I've performed system balancing and design on countless exhaust systems in a wide variety of industries. I also have a thourough understanding of the physics, energy principles we are discussing throuhg my education and I design high efficiency industrial cyclones for my day job. Having said all this, I have never measured a noticeable increase in the air temp as it goes across a fan (very large fans included). If anything, the air is usually cooler and more directly correlates to the inlet air temp. To my knowledge, there is no accomodation in the ACGIH vent manual to account for air heating due to friction caused by the air moving through the duct or across the fan. I encourage you to prove me wrong through your gathering of emperical data just as my emperical data suggests otherwise.
Mike
To the OP.....often when I am sanding a project like I was yesterday, I will have my 3 HP DC running and hooked to my ROS and both of my Jet Air Filtration systems running too. It seems to keep the dust down pretty well.
And I don't care where the energy comes from or goes ...or what form it takes.......the 3 motors running....DC and 2 AFs creates a noticable rise in temperature in my well insulated shop.
Ken
So much to learn, so little time.....
I worked a few hours in my shop last Friday evening. Cyclone running most of that time and either the TS or the jointer/planer. I also had the industrial ceiling fan running. The air temp jumped somewhere between 5 and 10 degrees even though the outside temp fell a good 15 during that time. Should have opened a window.

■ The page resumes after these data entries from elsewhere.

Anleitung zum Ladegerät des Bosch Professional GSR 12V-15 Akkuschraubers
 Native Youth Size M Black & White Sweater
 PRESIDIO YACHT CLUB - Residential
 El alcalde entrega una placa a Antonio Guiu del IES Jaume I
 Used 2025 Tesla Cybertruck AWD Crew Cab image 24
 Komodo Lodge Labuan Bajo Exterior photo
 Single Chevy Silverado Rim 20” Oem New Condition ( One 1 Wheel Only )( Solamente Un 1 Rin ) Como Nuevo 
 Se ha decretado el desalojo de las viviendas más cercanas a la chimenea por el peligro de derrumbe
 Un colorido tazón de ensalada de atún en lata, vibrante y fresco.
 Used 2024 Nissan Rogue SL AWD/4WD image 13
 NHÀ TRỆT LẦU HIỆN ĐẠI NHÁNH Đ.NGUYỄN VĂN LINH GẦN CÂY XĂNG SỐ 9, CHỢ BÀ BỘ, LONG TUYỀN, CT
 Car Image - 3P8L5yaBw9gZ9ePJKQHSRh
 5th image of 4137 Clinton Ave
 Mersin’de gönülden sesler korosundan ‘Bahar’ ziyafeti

The heat is noticeable near my filter at any time.
Of course it will. Let me ask you this - if the motor is 100% efficient, and we say that 100% of the electrical energy is converted to "work", where does that energy eventually go? The air stops moving (gives up its kinetic energy), energy can't be destroyed - it must have gone somewhere, right? Where are you suggesting it goes?
Energy cannot be "turned" into work. Doing work on an object increases its potential energy or kinetic energy or something - but 100% of the applied energy gets turned into some other form of energy. Ultimately, it all goes to heat.
(FYI - I apologize to the OP for our little mini-hijack. It's always interesting to discuss these practical implications of physics with learned individuals)